:: GIVEN RECORDS ::
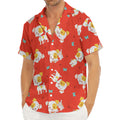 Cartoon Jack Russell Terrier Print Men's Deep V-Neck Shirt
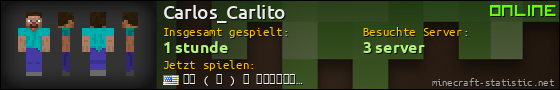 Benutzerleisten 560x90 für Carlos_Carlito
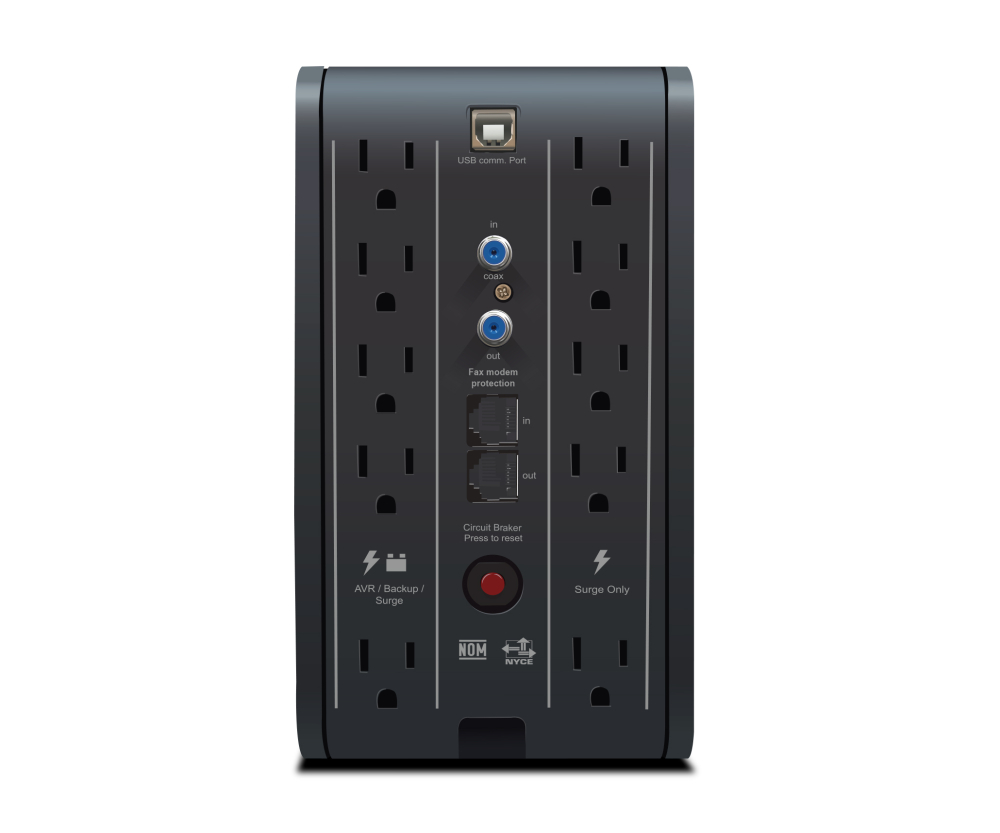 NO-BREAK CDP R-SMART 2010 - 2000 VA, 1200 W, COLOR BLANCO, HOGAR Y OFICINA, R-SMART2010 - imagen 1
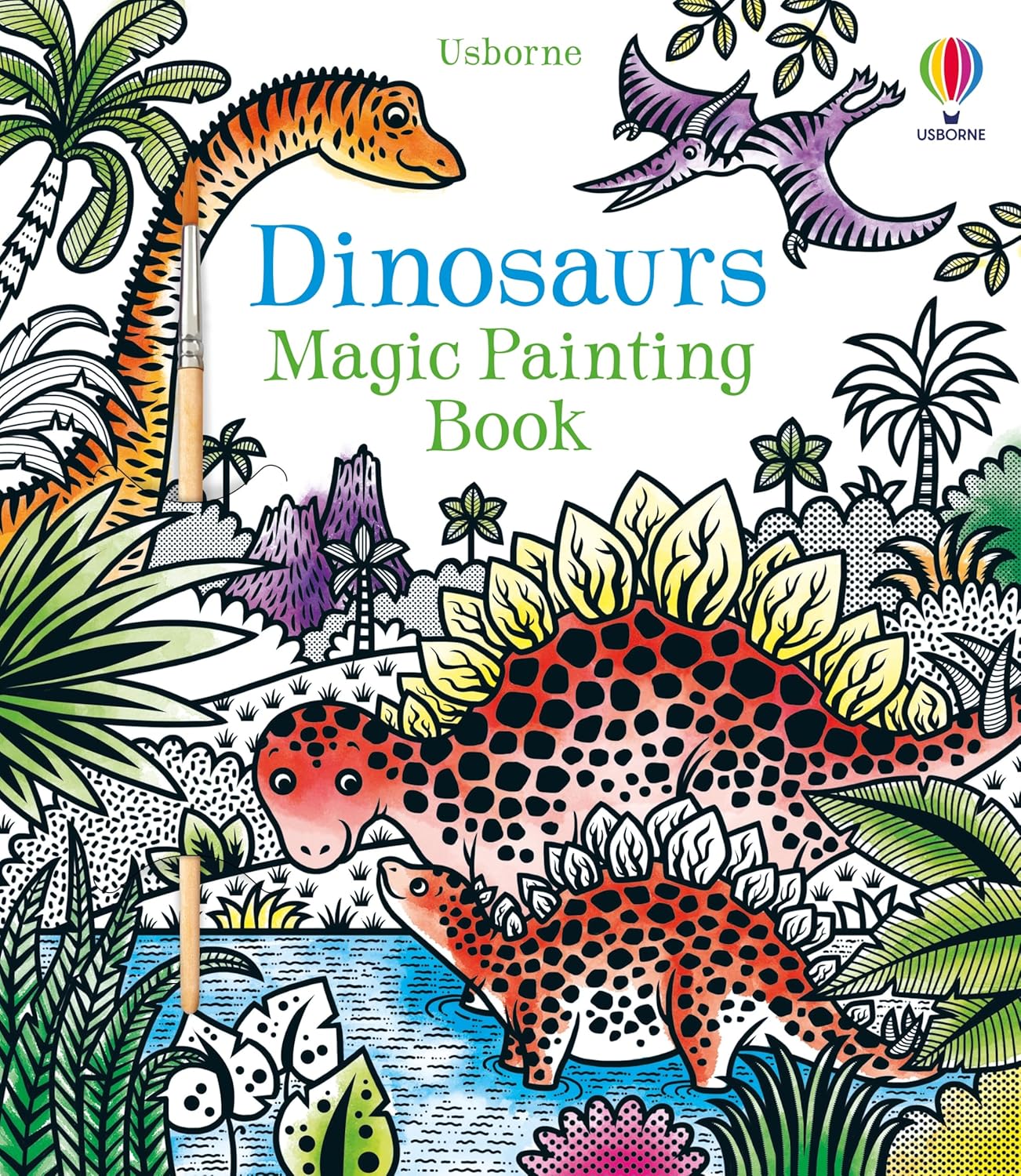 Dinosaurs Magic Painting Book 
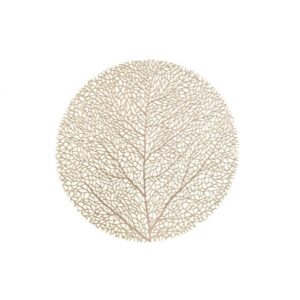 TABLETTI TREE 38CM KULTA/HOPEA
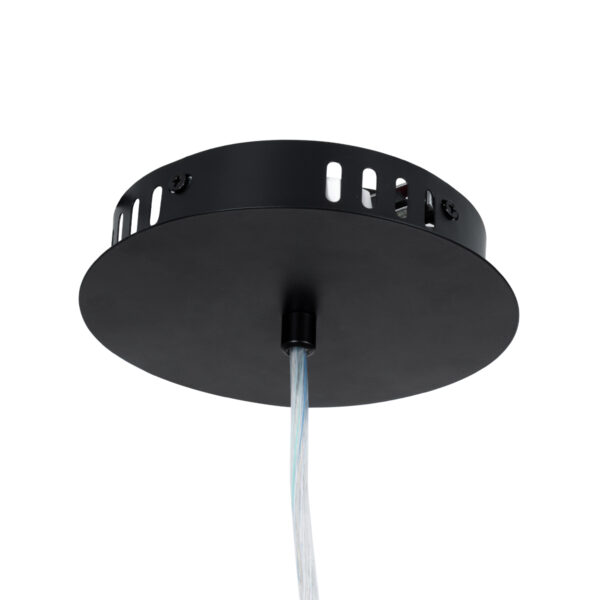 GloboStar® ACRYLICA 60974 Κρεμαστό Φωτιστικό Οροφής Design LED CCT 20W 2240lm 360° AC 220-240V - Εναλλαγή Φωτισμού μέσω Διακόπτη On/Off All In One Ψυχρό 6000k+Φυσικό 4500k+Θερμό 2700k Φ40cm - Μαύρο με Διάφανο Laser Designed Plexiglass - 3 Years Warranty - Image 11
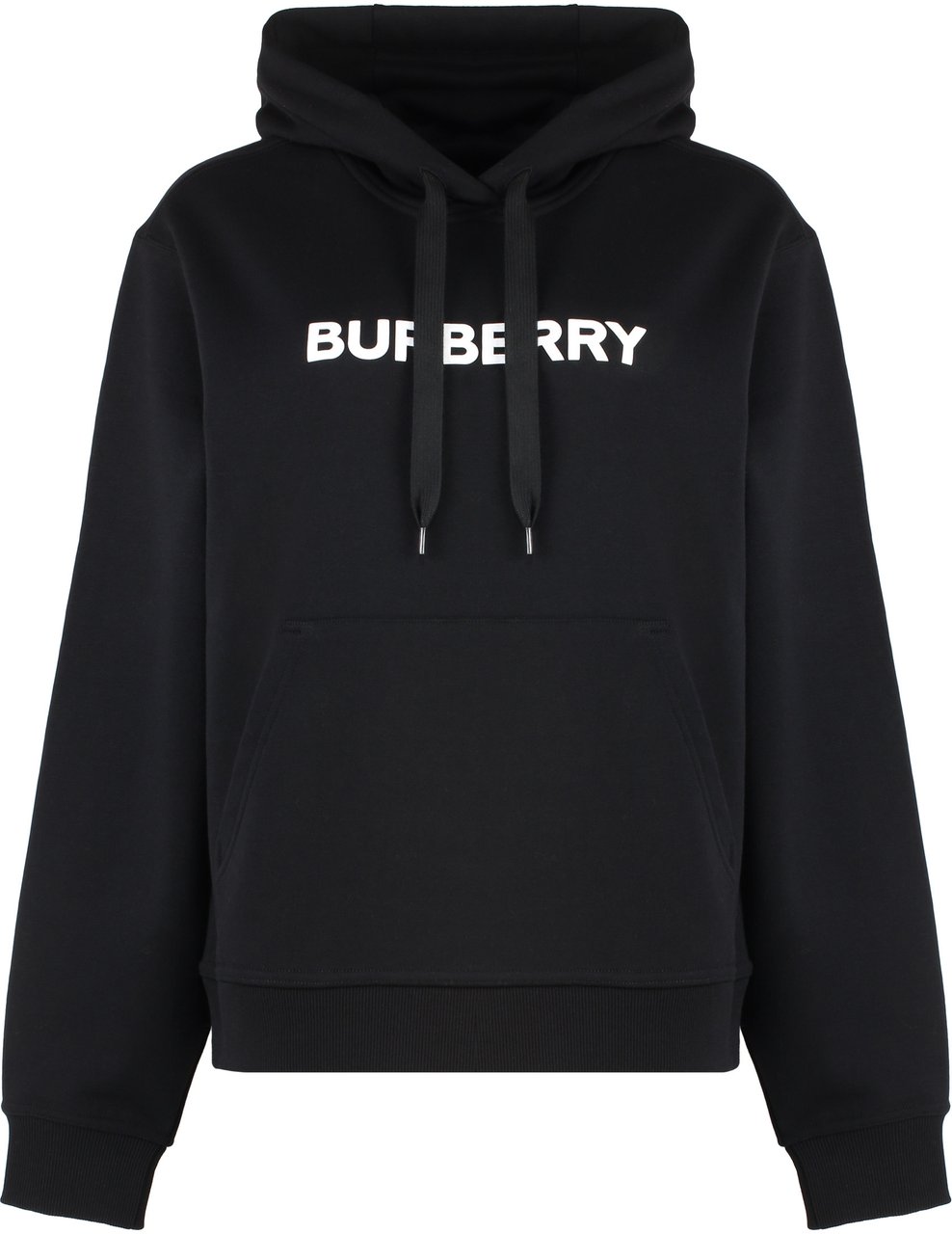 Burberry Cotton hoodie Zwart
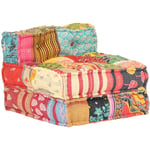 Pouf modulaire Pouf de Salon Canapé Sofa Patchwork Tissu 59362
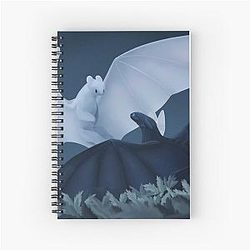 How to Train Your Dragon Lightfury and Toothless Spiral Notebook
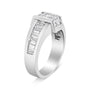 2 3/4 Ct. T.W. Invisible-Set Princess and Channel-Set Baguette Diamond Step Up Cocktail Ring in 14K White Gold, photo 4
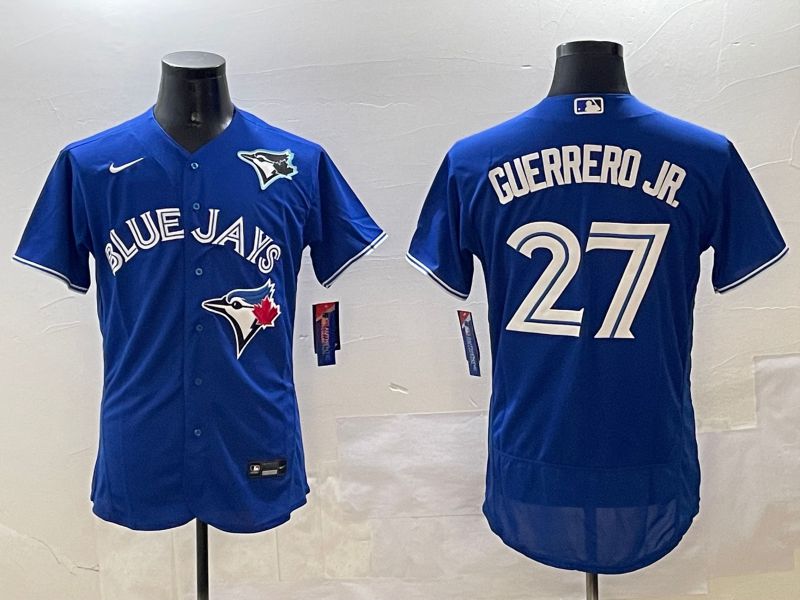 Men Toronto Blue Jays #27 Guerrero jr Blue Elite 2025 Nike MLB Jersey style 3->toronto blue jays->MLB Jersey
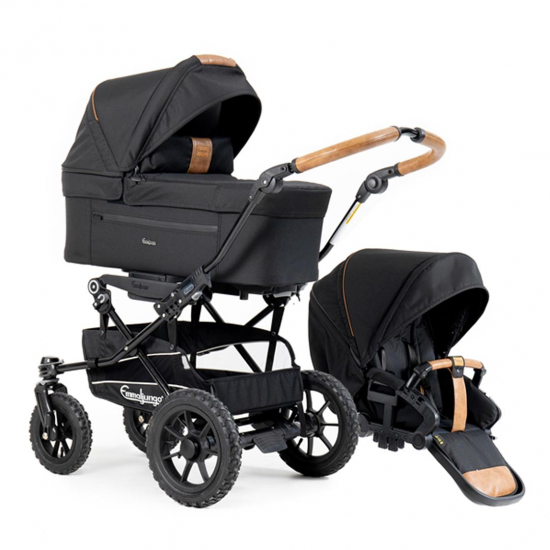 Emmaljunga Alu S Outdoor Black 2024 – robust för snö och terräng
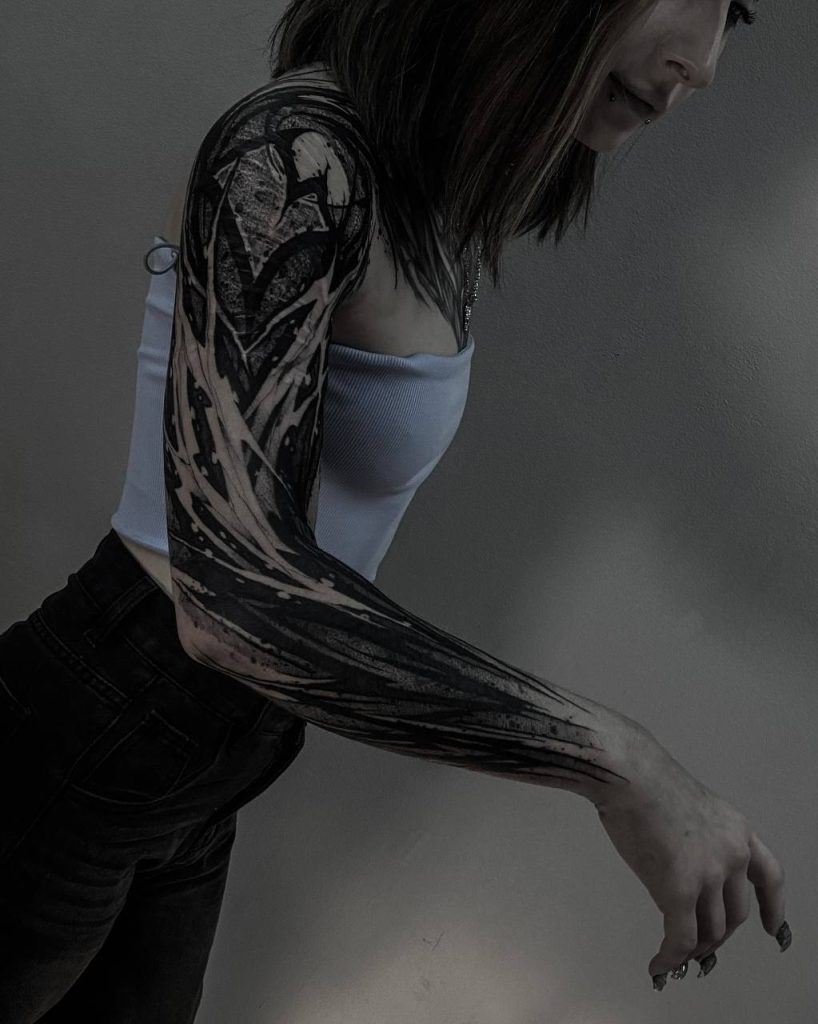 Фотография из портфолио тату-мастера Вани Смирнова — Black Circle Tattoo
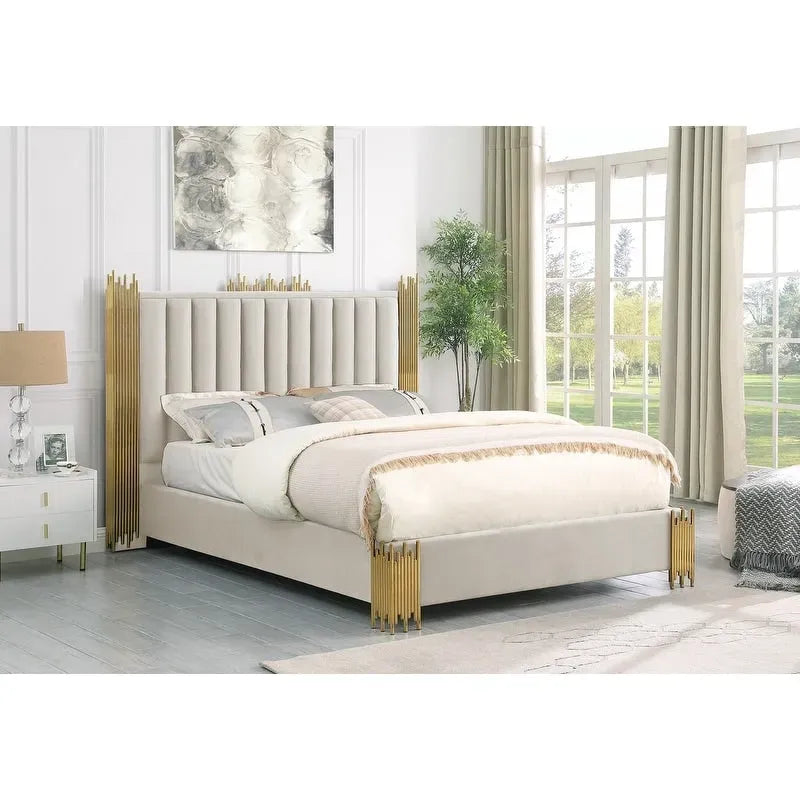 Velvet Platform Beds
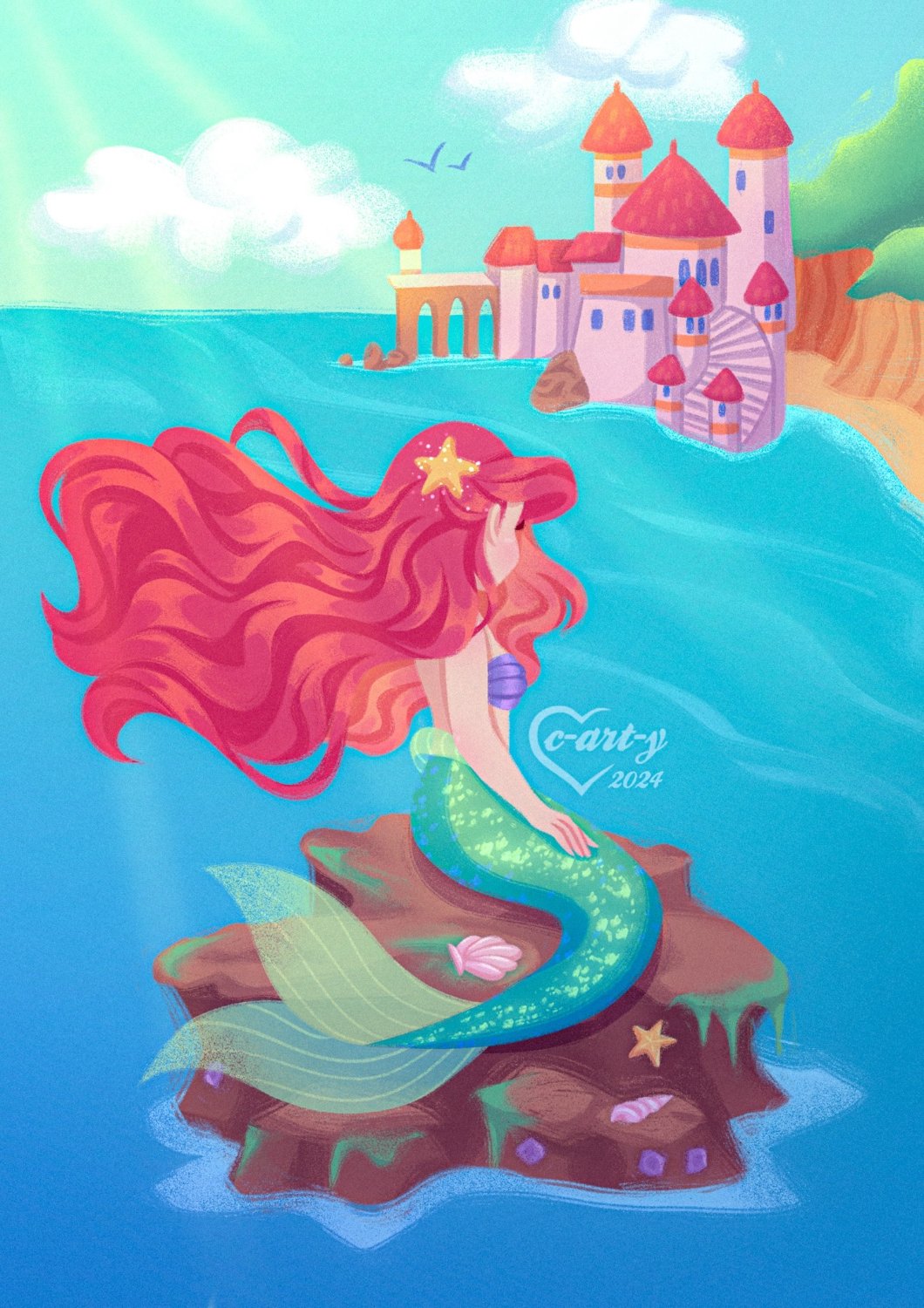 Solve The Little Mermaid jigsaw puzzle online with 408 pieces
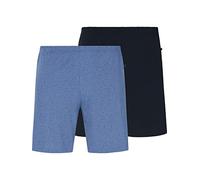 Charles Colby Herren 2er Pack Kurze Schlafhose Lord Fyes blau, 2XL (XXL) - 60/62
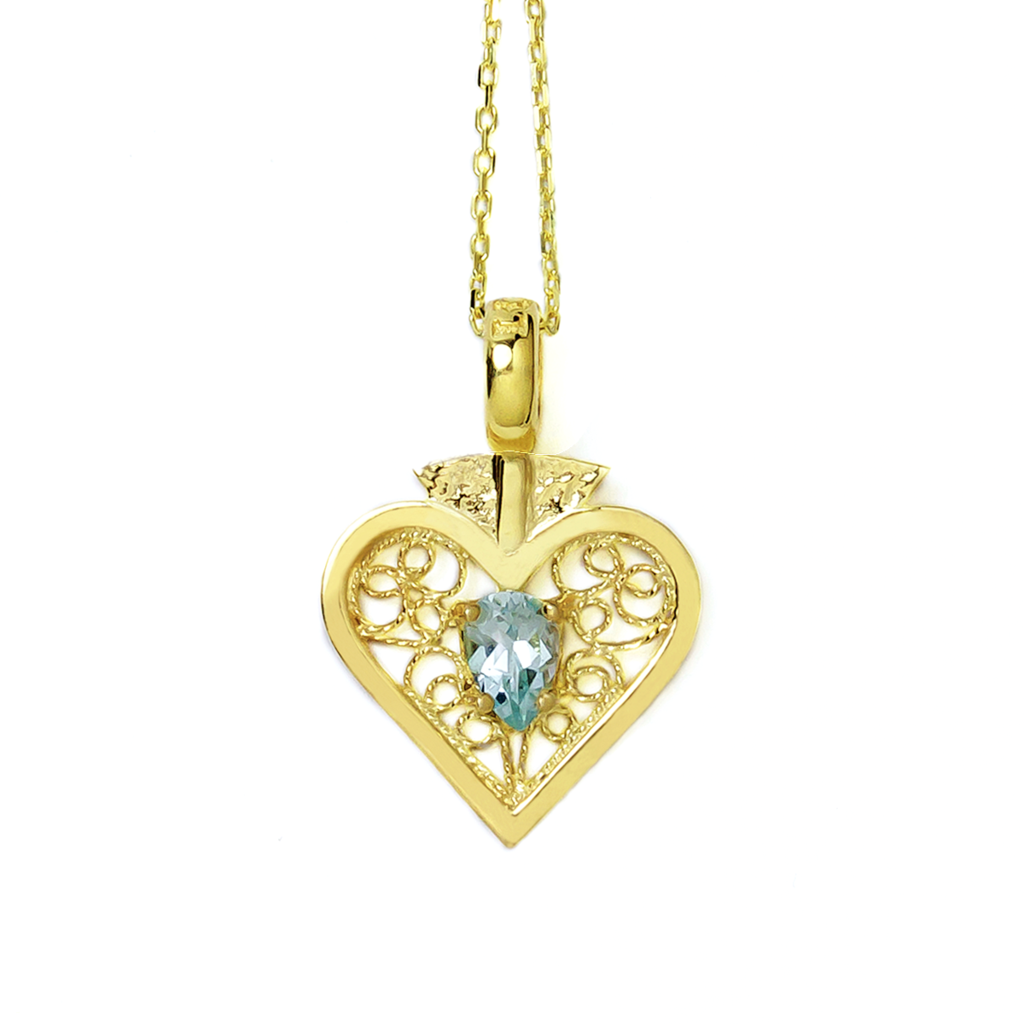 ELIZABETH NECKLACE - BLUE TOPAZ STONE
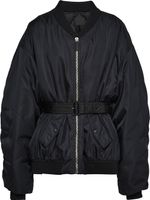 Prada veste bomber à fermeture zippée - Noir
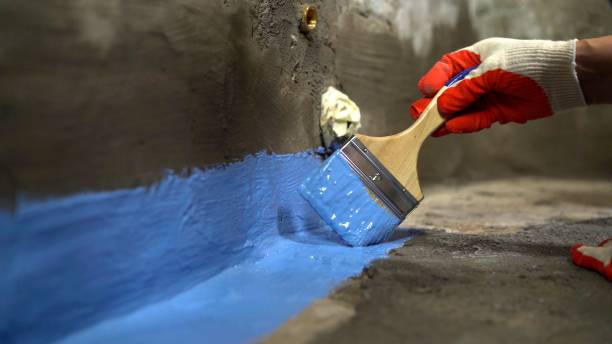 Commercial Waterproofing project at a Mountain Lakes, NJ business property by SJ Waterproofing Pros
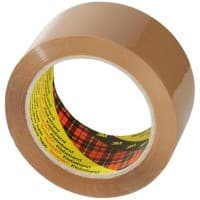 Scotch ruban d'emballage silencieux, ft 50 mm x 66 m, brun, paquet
:::
[YOUR INSTRUCTIONS]: Out of the records above, set down only the lines from the one that contains "NO-BREAK CDP R-SMART" through the one that contains "Velvet Platform Beds", unchanged and without the pictures.

[ANSWER]:
 NO-BREAK CDP R-SMART 2010 - 2000 VA, 1200 W, COLOR BLANCO, HOGAR Y OFICINA, R-SMART2010 - imagen 1
 Dinosaurs Magic Painting Book 
 TABLETTI TREE 38CM KULTA/HOPEA
 GloboStar® ACRYLICA 60974 Κρεμαστό Φωτιστικό Οροφής Design LED CCT 20W 2240lm 360° AC 220-240V - Εναλλαγή Φωτισμού μέσω Διακόπτη On/Off All In One Ψυχρό 6000k+Φυσικό 4500k+Θερμό 2700k Φ40cm - Μαύρο με Διάφανο Laser Designed Plexiglass - 3 Years Warranty - Image 11
 Burberry Cotton hoodie Zwart
 Pouf modulaire Pouf de Salon Canapé Sofa Patchwork Tissu 59362
 How to Train Your Dragon Lightfury and Toothless Spiral Notebook
 2 3/4 Ct. T.W. Invisible-Set Princess and Channel-Set Baguette Diamond Step Up Cocktail Ring in 14K White Gold, photo 4
 Men Toronto Blue Jays #27 Guerrero jr Blue Elite 2025 Nike MLB Jersey style 3->toronto blue jays->MLB Jersey
 Emmaljunga Alu S Outdoor Black 2024 – robust för snö och terräng
 Фотография из портфолио тату-мастера Вани Смирнова — Black Circle Tattoo
 Velvet Platform Beds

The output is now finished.